Daywell Roger, petit-fils d’Ann’s Son, produit par le Lt Col. et Mrs Brierly, est en 1948 le premier champion et un raceur important pour le renouveau du cheptel d’après-guerre, contribuant à fixer le type car ce chien a bien l’apparence de la race actuelle. Après le décès d’Amice Pitt en 1978, sa fille Jane Pitt Bowlder, propriétaire de Daywell Roger, reprendra sa lignée.
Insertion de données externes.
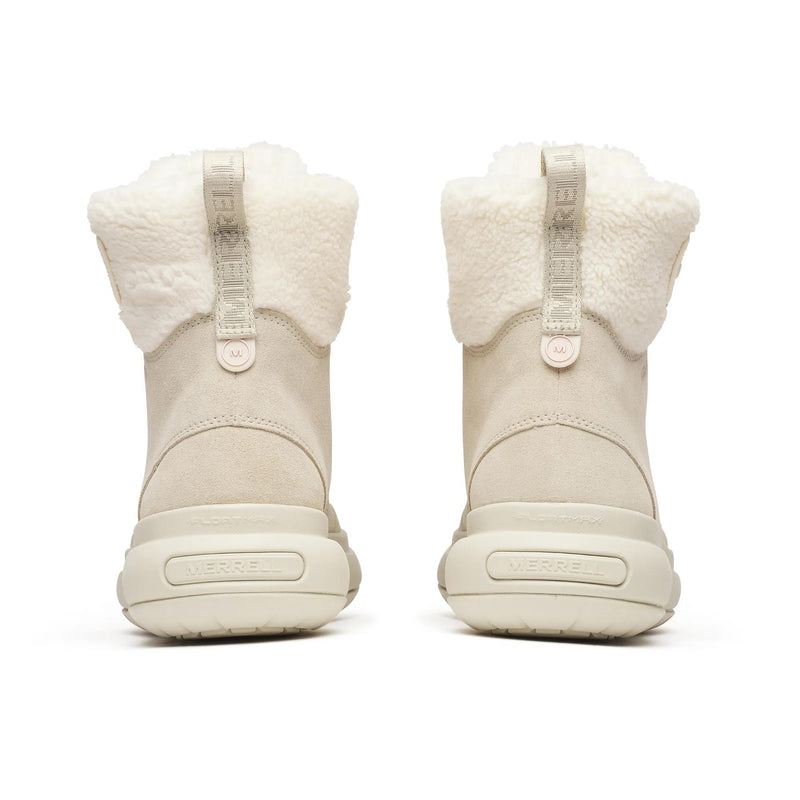 [J008560] WOMENS MERRELL MARQUETTE THERMO LACE WP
Parmi les éleveurs importants ayant emergé à la fin des années 1940 et dans les années 1950, citons Mrs Pilkington (of Hillbarn), Mrs Murray (of Crustadele), Miss Mayhew (Mingshang), Mrs Green (Heatherside), Mrs Keswick (Pargeter), Miss Turle (of Sunninghill), lady Forwood (of Eyeworth). 

Rowley avec la princesse Margaret et son mari lord Snowdon.

La race commence à gagner en notoriété lorsque la princesse Margaret (sœur d’Elisabeth II) acquiert dans les années 1960 un spécimen nommé Rowley, et quand Amelia of Laguna, à Mrs Cryer, gagne en 1963 le groupe des Toys à la Cruft’s. 

Alansmere Aquarius.

La consécration arrive lorsqu’en 1973, Alansmere Aquarius, aux éleveurs Halls et Evans, remporte à 17 mois le Best In Show. Les effectifs du cavalier King Charles, laissant loin derrière ceux du cousin King Charles, vont monter en flèche, et la race s’installer dans son pays dans une popularité bien méritée.